Text: Annelie Klint Nilsson/IRF
Anja Möslinger's doctoral thesis provides new insights into the interaction between a comet and the solar wind as the comet approaches the sun.
ImageAnnelie Klint Nilsson/IRF, Illustrations: ESA:NAVCAM and ESA:ATG medialab.jpg
The physics behind the interaction between a comet and the solar wind changes fundamentally when a comet gets closer to the Sun. While scientists already understand the physical processes of comet-solar wind interaction far away and close to the Sun quite well, the transition between has not been well-studied.

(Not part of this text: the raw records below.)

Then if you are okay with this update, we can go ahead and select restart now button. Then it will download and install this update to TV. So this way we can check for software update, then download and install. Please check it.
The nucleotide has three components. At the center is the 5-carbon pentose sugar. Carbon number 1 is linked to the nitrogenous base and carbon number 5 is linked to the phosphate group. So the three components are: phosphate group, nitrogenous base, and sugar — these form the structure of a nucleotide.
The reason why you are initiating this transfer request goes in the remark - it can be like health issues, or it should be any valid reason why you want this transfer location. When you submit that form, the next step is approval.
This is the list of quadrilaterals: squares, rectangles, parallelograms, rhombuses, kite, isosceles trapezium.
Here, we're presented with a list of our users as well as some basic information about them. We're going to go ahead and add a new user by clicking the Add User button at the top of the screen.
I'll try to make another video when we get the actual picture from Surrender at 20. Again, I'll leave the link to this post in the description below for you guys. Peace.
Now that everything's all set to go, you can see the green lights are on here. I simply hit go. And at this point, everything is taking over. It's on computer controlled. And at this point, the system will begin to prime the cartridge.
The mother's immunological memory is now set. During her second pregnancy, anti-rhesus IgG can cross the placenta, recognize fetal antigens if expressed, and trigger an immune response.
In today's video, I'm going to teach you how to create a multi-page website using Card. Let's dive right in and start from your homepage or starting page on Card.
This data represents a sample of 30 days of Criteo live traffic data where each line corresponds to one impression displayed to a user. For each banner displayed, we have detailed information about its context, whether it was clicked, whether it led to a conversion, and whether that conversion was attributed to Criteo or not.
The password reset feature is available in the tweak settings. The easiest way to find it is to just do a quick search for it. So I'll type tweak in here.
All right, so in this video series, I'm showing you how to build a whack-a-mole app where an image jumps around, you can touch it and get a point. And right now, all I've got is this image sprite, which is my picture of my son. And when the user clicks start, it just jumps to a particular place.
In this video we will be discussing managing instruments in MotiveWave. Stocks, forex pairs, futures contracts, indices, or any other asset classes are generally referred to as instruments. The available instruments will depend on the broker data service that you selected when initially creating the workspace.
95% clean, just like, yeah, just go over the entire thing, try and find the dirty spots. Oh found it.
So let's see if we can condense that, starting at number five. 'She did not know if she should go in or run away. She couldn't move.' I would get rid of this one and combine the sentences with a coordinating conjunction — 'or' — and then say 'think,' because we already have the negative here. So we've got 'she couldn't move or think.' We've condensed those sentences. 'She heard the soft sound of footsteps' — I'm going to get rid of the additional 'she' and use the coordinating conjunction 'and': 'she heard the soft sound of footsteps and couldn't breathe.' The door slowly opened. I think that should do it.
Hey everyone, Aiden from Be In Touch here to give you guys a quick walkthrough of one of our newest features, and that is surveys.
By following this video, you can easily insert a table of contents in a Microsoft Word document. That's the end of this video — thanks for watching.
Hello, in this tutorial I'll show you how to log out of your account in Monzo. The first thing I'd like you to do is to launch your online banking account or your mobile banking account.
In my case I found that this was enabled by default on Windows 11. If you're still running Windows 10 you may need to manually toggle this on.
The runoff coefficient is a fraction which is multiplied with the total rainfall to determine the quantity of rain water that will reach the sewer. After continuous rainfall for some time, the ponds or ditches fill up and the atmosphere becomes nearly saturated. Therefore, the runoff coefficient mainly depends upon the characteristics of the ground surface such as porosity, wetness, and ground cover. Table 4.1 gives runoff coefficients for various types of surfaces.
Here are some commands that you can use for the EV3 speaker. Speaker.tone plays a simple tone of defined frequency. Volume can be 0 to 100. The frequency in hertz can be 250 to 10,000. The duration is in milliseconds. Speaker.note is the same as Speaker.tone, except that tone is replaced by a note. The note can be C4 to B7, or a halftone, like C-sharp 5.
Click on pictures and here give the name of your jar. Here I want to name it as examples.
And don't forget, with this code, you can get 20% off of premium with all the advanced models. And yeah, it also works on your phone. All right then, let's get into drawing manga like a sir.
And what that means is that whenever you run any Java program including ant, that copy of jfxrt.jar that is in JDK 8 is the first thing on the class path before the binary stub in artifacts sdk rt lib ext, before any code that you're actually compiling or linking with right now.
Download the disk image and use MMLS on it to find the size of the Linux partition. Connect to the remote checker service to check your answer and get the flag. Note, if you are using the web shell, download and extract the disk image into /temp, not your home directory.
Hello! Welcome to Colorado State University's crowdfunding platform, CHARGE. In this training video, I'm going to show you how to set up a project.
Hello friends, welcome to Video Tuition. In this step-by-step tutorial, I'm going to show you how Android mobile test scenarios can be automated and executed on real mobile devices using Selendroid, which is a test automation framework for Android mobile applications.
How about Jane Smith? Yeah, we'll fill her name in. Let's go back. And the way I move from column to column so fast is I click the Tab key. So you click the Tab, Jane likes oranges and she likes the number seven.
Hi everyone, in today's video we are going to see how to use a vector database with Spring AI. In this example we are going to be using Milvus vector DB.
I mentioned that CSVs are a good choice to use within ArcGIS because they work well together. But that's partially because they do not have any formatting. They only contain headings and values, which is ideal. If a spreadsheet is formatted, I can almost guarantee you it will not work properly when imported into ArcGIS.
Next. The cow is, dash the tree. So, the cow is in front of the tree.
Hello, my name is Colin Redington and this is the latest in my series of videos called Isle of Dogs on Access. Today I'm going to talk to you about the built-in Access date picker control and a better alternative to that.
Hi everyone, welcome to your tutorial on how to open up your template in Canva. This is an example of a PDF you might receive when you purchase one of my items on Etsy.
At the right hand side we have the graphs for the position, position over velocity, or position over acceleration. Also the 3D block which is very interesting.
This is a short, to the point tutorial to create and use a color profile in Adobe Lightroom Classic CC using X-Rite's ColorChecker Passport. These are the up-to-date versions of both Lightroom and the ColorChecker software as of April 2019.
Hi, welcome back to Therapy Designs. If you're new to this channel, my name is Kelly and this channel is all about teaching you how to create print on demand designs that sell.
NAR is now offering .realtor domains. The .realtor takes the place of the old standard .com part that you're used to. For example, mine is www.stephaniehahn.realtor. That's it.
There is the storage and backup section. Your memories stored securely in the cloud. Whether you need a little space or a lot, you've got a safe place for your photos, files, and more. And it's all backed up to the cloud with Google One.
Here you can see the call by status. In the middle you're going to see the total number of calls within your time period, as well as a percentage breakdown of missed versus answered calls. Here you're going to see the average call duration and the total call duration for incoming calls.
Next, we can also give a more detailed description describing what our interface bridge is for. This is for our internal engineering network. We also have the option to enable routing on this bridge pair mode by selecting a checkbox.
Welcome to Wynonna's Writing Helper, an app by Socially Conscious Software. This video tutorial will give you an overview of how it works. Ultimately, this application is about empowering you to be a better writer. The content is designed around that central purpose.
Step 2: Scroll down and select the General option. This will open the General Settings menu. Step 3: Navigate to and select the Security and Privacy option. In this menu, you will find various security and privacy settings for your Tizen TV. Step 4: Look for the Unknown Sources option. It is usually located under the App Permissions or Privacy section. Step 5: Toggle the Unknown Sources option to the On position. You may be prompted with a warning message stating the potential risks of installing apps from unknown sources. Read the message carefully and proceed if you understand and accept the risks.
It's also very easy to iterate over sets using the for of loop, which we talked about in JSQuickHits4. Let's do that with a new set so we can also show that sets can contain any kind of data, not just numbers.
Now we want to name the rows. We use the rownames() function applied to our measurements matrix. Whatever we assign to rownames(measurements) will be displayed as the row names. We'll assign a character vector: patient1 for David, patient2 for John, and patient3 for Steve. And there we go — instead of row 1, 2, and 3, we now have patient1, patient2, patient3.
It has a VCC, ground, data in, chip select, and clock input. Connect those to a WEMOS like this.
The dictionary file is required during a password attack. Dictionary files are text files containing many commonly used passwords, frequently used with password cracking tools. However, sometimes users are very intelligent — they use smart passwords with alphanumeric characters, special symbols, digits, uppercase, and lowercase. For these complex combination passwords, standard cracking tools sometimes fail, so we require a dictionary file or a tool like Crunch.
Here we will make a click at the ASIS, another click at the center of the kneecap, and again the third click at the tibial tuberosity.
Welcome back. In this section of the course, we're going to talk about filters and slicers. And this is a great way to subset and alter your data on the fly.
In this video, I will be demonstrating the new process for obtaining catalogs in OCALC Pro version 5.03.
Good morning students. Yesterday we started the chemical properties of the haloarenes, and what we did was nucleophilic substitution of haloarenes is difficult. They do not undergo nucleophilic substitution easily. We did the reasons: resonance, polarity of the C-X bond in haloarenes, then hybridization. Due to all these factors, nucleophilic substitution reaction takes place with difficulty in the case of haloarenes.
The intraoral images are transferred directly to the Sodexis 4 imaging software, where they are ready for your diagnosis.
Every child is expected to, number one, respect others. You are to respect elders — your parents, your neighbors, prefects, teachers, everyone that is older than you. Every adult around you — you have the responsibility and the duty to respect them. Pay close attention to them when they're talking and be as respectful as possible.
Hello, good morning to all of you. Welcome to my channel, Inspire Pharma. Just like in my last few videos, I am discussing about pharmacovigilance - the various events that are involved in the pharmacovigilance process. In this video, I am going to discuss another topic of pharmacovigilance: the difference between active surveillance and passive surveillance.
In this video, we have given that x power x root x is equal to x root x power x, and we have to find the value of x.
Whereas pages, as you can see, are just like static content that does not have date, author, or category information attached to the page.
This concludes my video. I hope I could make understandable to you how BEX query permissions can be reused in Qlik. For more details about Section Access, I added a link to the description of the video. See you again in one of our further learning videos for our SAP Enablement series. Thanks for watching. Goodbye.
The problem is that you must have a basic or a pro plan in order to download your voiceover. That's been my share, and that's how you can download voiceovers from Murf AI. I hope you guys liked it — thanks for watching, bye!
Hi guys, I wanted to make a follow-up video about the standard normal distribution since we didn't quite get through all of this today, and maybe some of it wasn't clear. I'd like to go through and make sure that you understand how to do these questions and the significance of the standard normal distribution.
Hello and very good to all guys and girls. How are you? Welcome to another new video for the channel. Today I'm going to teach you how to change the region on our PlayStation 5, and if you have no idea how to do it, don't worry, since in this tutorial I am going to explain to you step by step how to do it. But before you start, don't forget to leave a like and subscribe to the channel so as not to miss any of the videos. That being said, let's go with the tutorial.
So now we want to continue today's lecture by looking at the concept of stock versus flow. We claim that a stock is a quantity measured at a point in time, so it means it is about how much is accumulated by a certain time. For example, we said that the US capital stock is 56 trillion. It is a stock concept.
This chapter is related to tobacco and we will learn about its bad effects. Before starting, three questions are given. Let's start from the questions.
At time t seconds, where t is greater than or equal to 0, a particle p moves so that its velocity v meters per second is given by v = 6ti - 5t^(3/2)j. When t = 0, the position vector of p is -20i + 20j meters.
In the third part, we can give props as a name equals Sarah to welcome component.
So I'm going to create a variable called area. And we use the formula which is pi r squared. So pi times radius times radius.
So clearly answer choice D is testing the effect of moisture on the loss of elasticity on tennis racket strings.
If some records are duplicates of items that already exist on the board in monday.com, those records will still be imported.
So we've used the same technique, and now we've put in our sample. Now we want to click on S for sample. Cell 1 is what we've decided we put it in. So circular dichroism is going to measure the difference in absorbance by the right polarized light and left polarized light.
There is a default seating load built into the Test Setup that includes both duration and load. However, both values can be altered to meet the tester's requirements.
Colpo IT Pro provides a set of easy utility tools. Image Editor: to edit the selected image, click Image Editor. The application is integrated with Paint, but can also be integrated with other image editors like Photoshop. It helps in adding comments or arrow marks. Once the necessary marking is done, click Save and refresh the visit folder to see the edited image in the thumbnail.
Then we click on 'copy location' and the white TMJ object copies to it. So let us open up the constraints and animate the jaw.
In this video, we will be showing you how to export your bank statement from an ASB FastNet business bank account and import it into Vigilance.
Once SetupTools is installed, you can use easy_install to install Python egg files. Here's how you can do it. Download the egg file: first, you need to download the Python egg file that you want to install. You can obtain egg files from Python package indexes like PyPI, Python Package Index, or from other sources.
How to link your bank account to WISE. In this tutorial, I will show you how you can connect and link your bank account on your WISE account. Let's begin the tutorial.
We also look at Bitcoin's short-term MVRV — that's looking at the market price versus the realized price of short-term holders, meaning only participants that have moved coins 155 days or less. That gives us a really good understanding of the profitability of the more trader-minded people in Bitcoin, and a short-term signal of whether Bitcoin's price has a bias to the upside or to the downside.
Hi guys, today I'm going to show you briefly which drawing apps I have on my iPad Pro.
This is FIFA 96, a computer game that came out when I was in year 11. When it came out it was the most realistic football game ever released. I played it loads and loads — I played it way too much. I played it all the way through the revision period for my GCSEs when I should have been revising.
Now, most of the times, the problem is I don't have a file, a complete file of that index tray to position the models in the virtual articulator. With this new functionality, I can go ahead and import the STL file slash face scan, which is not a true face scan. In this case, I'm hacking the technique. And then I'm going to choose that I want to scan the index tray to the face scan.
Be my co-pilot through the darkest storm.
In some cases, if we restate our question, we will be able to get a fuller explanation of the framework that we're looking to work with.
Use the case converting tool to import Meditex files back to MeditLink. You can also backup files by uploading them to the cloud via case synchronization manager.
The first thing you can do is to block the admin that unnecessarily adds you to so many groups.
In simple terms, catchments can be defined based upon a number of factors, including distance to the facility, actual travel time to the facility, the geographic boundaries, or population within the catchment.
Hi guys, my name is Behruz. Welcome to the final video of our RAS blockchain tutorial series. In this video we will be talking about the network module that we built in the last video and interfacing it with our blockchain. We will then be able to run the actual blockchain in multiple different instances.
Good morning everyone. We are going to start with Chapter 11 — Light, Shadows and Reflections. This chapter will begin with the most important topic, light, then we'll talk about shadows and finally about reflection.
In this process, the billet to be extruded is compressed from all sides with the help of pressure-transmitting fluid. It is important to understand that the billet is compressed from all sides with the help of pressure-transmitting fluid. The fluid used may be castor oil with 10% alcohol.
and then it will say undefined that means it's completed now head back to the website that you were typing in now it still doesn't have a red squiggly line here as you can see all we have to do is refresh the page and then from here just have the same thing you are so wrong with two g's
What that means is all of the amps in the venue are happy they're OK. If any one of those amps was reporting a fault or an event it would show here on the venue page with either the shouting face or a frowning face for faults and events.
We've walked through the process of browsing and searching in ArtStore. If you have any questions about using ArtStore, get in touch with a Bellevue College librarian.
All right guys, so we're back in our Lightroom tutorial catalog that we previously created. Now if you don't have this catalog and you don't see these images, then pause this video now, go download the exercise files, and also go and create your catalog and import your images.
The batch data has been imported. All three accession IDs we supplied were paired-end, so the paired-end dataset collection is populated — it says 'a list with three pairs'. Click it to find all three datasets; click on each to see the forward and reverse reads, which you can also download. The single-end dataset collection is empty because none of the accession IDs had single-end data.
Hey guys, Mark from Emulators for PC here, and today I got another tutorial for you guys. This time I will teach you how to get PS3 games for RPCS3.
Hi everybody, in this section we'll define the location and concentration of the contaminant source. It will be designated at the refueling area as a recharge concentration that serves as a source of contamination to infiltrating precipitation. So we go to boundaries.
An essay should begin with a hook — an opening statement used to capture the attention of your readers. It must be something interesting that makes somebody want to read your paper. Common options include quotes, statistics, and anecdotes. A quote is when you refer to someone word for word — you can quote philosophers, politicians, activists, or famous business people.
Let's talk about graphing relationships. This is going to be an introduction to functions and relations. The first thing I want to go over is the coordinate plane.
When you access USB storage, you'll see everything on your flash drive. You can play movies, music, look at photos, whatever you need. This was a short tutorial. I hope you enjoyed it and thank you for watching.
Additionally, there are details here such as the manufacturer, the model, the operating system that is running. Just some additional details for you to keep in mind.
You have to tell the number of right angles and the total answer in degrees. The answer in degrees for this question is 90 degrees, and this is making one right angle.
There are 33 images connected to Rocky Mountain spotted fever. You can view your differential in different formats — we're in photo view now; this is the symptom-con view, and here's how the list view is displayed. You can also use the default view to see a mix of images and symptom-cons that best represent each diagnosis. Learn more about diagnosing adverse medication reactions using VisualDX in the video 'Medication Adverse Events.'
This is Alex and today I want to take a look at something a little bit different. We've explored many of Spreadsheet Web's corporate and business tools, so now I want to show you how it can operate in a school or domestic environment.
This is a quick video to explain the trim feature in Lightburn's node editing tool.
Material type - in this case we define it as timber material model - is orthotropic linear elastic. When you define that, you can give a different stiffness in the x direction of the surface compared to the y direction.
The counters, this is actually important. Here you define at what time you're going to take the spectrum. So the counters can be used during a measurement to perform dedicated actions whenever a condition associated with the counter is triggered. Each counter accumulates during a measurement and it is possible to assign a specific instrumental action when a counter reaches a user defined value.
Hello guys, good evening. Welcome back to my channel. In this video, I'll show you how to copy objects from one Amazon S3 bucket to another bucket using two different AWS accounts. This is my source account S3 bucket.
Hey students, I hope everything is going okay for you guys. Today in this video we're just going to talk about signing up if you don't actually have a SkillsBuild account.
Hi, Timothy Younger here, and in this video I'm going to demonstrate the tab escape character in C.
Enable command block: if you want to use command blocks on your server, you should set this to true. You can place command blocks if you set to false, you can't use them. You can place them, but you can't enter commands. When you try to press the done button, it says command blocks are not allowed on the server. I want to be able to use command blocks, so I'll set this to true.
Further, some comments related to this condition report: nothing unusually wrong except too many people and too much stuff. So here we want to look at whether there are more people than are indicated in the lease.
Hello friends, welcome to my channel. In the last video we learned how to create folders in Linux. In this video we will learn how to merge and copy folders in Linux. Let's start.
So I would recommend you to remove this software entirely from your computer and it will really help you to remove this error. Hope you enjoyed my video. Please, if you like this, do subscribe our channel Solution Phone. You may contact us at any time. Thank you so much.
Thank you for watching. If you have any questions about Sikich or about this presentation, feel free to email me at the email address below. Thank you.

In her thesis, Anja has focused on how the charged particles in a cometary atmosphere, cometary ions, interact with the solar wind ions during this transition period. The results can help us understand what happens when the solar wind meets other objects with atmospheres in the solar system.
“I have analyzed how individual ions move to understand how the collection of ions behave and shape the comet magnetosphere. Instead of flowing in a streamlined fashion, some of the solar wind ions whirl in circles like leaves blown off trees during an autumn storm when they encounter the comet atmosphere. How energy is transferred from the solar wind to the cometary atmosphere and how the solar wind slows down during this transition period depends on the motion of these ions”, says Anja Möslinger, doctoral student at IRF and Umeå University.
How the solar wind is slowed down around obstacles it encounters is one of the fundamental problems in space physics. In particular the initial deceleration is little understood. Comets are excellent plasma laboratories for scientists to study the evolution of plasma interactions, since their distance to the Sun, and therefore their plasma environments, constantly change.
The thesis is based on data analysis from ESA’s Rosetta mission to comet 67P/Churyumov-Gerasimenko, and simulations using the numerical model Amitis.
Anja Möslinger, raised near Linz, Austria, had her first introduction to comet research in 2020 when working on the design of a particle instrument for the Comet Interceptor mission for her master thesis at IRF in Kiruna.
She will defend her doctoral thesis entitled “Physics at sub-ion-gyroradius scales near low-activity comets” at the auditorium at IRF in Kiruna, Sweden, on Friday 15 November, at 09.00. The faculty opponent is Professor Jan Egedal from the University of Wisconsin-Madison, U.S.